Segment Start: Excerpted data
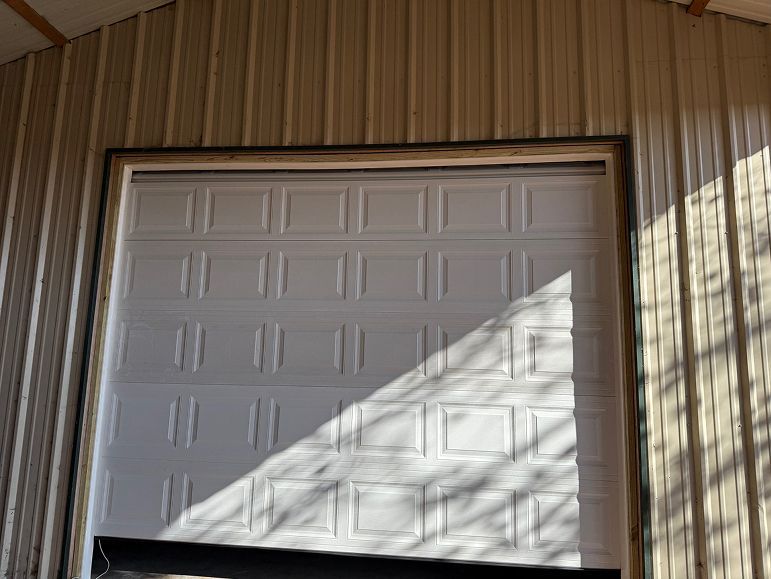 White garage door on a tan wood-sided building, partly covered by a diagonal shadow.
Segment End: Excerpted data
Segment Start: Excerpted data
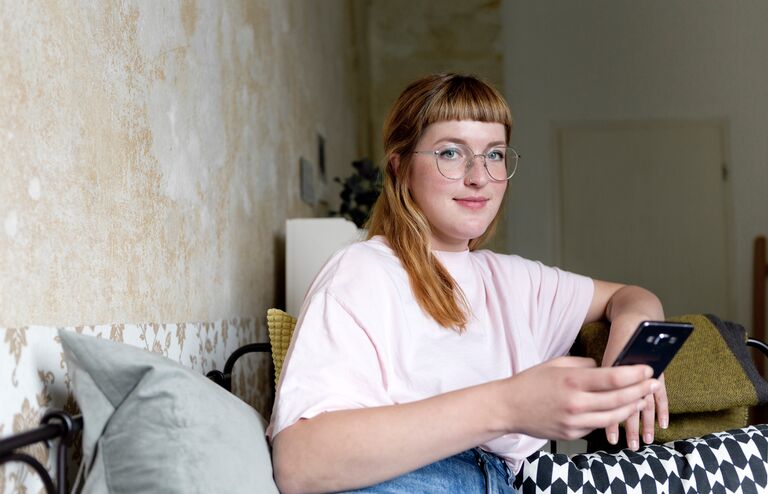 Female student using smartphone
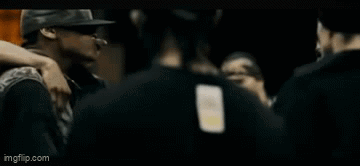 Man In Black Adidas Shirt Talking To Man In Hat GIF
Segment End: Excerpted data
▸ Problem to solve
Find the line with "Female student using smartphone" in the entries above. Set down exactly every line from it up to and including the line with "Man In Black", images excluded.

▸ Answer section
 Female student using smartphone
 Man In Black Adidas Shirt Talking To Man In Hat GIF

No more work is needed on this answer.